All in all, I like my life, and I have taken some financial risks for the sake of living more enjoyably right now and doing what I’m passionate about. I’ve gone into substantial debt and endured a lot of personal turmoil to go to grad school, and I’ve limited my work hours this summer for the sake of relaxing and spending time with my partner rather than making more money. But was that all worth it? The latter was, but more and more frequently these days, I’m starting to doubt the former. The personal and monetary toll of pursuing my dreams has been great, and when those dreams are no longer sounding so achievable or attractive to me, I’m starting to feel like it was all a huge, expensive mistake. “Follow your dreams!” and “Do what you enjoy!” were dangerous messages for me, conveyed by well-meaning but ignorant advisors who didn’t understand my true situation, which found me at a point in my life where I was confused and vulnerable.
Perhaps the older people providing this kind of advice to young adults don’t remember what it was really like to be that age- the juggling of responsibilities, the importance of working toward future plans, the fear of insecurity. Perhaps these particular people just didn’t have to face substantial hardship when they were young, and assume that all young people live their lives similarly sheltered from difficulty. Conditions are certainly different today than they were when my parents were growing up; it’s much harder to get by now without a college degree, and the experience of looking for work has changed with changing technology and economic conditions. People of an older generation, especially those who have secure work situations and retirement plans, may not realize this. I know that I’ve had conversations with my own parents where they outright refused to believe how difficult it was for my college friends to find jobs, even with degrees from a prestigious university.
There’s also something to be said for the idea of taking time to figure out what you really want, following your dreams, and possibly enduring some difficulties in the moment in hopes of eventually achieving a loftier goal. Certainly, many poor kids aren’t encouraged or given the tools and information to explore every life path that really interests them. But “You can do anything you set your mind to!” is a double-edged sword; it may represent much-needed encouragement for some people, but it definitely ignores the very real limitations that exist for others. This kind of encouragement may be appropriate on an individual level in some situations, but when generalized or used by someone who doesn’t know the details of the life of the person they’re encouraging, it’s just ignorant and unfeeling.

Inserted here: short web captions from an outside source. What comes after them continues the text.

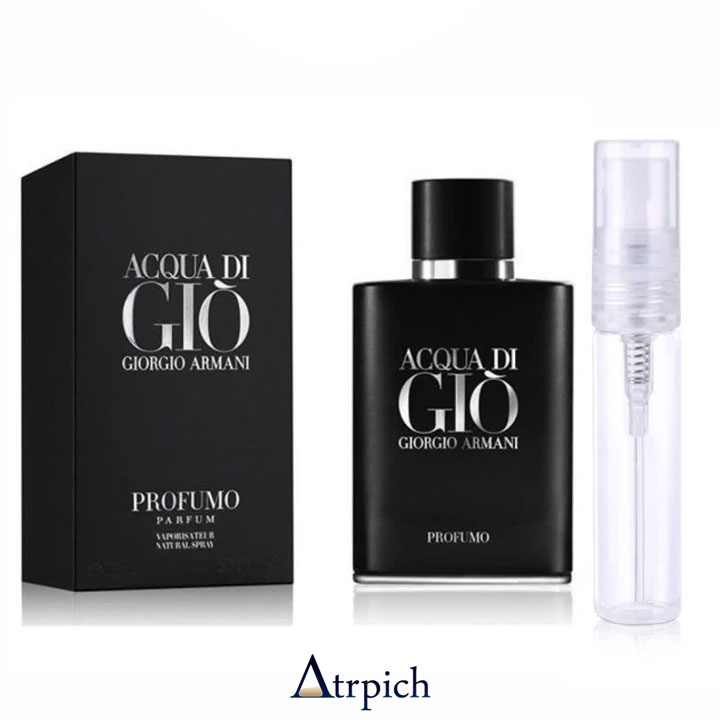 عطر اکوا دی جیو بلک برند لوزی Acqua di Gio - عطر اکوا دی جیو بلک برند لوزی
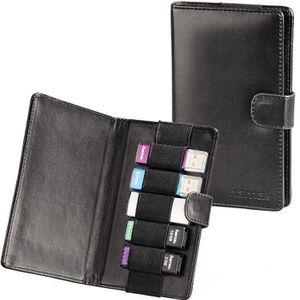 USB-Stick-Tasche Hama Vegas 84409, schwarz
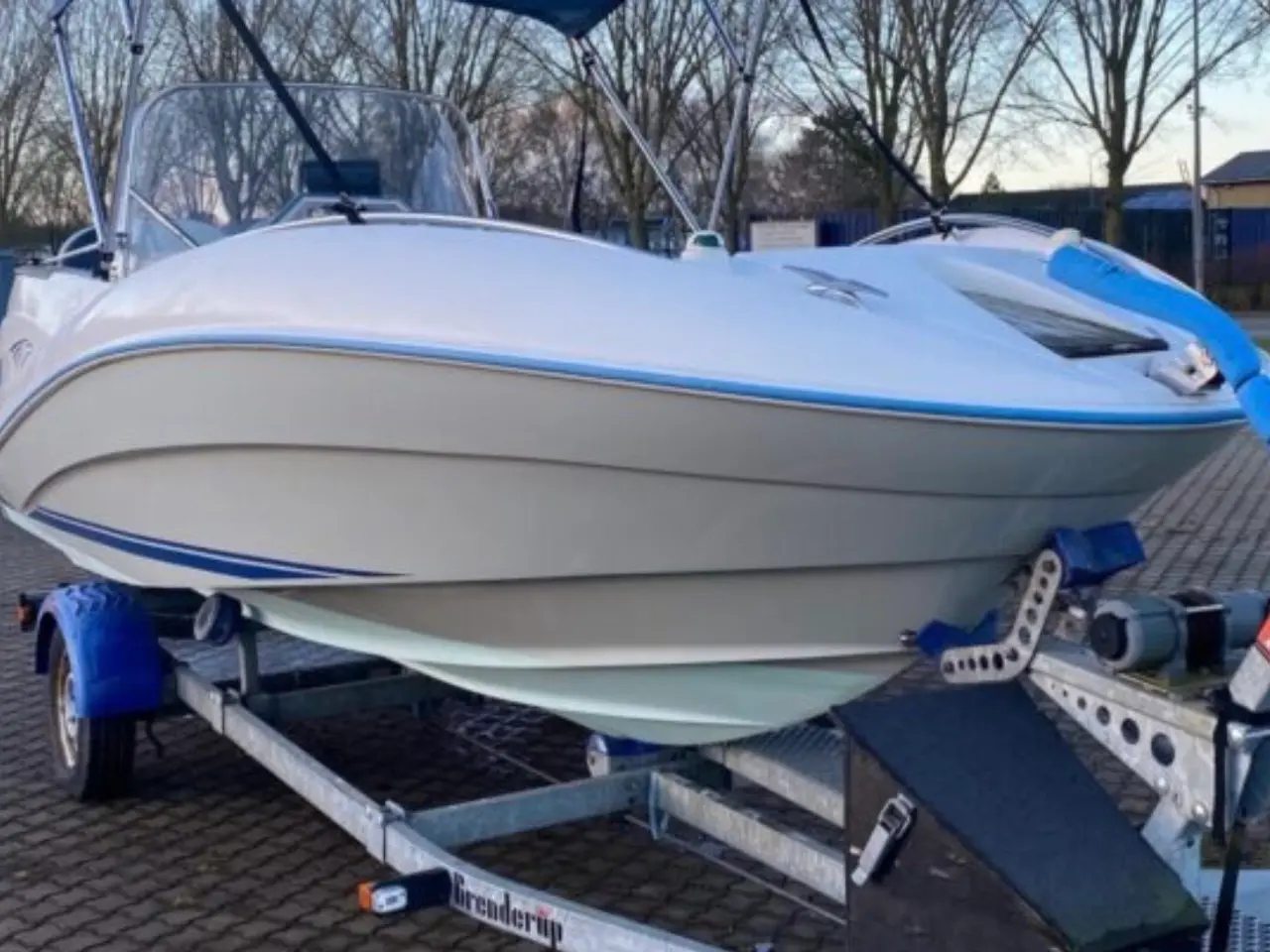 Billede 3 - Ørnvik Commander 505 inkl trailer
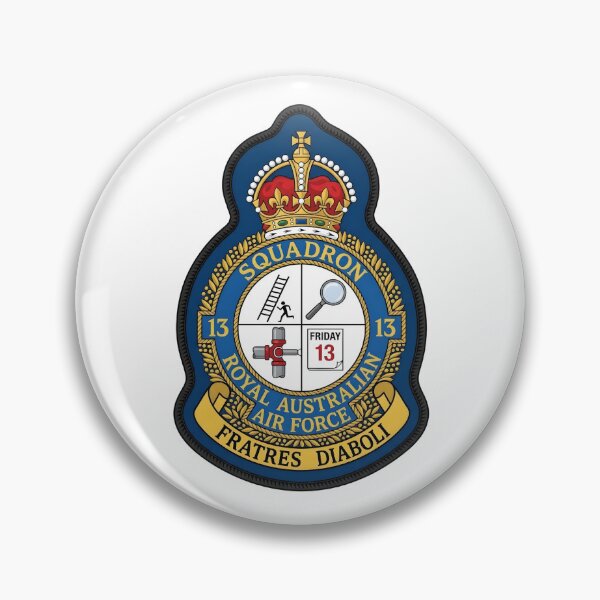 Item preview, No. 13 Squadron RAAF Crest - Royal Australian Air Force Emblem designed and sold by CharlieDesings.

Not everyone has the same options- or even access to the idea that options exist- and not everyone can functionally afford to wait for a job they like or chase a non-paying opportunity rather than taking a job in order to survive. Some young people, believe it or not, don’t have supportive parents or savings to support them while they take it easy, and have financial problems far more serious than not having quite as much spending money as they would like. Using your youth to follow your dreams and have fun is a great ideal, but it’s just not possible for many young people (including me!) to do that, and dismissing our worries with uninformed optimism not only ignores and misrepresents the realities of our lives, but provides us with one more person we can’t feel safe around.